→ WORK REQUIRED
The lines you return should be those containing the string "Mercedes", taken from the data below.

→ RECORDS SUPPLIED
== == ==

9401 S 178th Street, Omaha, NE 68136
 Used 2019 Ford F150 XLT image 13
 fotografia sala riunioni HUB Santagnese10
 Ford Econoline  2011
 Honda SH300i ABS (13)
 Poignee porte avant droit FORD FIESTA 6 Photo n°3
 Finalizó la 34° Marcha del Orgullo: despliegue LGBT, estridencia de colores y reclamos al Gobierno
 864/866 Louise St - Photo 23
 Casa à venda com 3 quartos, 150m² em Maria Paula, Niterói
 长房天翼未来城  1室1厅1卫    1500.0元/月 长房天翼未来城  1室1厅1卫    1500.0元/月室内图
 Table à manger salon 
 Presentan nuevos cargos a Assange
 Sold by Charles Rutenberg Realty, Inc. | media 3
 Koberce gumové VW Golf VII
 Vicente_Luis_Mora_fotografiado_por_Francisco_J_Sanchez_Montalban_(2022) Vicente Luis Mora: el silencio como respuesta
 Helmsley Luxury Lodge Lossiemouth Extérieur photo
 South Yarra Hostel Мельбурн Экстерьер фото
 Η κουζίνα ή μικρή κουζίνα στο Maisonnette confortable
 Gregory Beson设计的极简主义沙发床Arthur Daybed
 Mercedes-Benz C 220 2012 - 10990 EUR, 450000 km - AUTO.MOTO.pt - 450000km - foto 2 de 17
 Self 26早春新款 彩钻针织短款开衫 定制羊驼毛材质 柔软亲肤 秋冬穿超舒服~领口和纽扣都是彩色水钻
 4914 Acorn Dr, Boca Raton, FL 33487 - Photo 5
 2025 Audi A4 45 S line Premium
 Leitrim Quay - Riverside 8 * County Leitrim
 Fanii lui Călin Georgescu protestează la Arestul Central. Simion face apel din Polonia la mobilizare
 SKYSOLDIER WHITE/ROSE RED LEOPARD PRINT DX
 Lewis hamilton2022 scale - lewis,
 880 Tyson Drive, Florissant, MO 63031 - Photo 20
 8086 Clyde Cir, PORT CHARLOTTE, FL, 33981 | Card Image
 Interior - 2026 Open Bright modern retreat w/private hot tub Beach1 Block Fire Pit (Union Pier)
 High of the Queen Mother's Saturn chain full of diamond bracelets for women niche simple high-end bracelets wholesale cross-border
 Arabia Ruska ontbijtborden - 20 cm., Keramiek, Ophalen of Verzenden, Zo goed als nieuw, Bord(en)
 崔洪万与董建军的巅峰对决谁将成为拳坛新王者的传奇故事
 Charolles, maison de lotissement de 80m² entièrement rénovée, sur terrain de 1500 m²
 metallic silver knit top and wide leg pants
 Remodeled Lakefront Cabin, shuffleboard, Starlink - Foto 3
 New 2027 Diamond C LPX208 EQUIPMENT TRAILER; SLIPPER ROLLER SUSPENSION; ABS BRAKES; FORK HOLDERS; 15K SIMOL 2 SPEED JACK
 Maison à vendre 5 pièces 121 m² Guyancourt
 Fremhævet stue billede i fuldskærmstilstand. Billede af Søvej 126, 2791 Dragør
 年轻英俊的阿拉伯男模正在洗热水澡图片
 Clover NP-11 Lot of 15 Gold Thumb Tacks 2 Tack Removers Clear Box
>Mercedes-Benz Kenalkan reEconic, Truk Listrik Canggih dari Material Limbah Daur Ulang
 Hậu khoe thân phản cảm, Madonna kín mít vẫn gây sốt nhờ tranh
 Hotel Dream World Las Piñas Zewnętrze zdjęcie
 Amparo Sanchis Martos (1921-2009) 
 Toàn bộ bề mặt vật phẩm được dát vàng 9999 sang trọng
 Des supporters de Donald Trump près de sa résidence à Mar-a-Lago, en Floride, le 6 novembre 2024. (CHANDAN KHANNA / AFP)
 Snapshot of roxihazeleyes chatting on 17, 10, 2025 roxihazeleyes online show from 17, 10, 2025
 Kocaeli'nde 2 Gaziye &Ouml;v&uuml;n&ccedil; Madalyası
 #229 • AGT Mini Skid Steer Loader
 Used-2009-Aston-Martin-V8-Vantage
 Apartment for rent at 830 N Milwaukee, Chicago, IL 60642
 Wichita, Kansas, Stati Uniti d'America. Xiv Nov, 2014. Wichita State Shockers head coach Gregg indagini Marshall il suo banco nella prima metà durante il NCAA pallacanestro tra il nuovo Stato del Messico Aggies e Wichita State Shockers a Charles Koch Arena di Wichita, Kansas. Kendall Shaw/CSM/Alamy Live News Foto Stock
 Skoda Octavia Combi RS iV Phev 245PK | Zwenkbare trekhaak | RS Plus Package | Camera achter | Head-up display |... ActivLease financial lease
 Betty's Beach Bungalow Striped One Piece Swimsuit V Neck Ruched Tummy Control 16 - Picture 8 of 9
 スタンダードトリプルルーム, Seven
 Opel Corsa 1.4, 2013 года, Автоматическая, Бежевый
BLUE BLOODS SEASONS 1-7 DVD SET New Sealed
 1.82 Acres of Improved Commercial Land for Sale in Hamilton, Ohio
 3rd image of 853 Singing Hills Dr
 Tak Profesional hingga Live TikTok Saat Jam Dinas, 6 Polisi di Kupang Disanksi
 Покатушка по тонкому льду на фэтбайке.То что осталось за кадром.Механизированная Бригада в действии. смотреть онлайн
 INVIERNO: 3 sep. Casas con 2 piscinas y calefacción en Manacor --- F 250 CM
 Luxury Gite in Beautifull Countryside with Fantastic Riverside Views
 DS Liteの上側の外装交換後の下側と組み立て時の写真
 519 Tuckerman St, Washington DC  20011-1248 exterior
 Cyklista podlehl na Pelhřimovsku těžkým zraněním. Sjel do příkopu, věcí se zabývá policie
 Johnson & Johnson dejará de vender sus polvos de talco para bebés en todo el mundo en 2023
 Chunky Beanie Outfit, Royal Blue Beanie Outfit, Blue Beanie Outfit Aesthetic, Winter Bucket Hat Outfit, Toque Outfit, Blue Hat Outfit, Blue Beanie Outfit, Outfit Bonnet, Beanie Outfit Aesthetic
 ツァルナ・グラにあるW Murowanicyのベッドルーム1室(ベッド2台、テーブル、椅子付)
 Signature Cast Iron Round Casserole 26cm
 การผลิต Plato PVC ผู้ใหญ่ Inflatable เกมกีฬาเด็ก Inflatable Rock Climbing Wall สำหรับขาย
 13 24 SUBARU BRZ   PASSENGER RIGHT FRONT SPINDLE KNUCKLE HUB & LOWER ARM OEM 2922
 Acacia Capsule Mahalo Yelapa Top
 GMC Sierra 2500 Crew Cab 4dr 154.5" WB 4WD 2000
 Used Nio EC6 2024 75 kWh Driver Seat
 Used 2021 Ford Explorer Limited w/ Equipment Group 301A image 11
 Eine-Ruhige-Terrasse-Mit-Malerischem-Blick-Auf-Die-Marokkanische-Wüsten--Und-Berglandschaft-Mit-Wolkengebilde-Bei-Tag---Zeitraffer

== == ==

→ ANSWER TO THIS TASK
 Mercedes-Benz C 220 2012 - 10990 EUR, 450000 km - AUTO.MOTO.pt - 450000km - foto 2 de 17
>Mercedes-Benz Kenalkan reEconic, Truk Listrik Canggih dari Material Limbah Daur Ulang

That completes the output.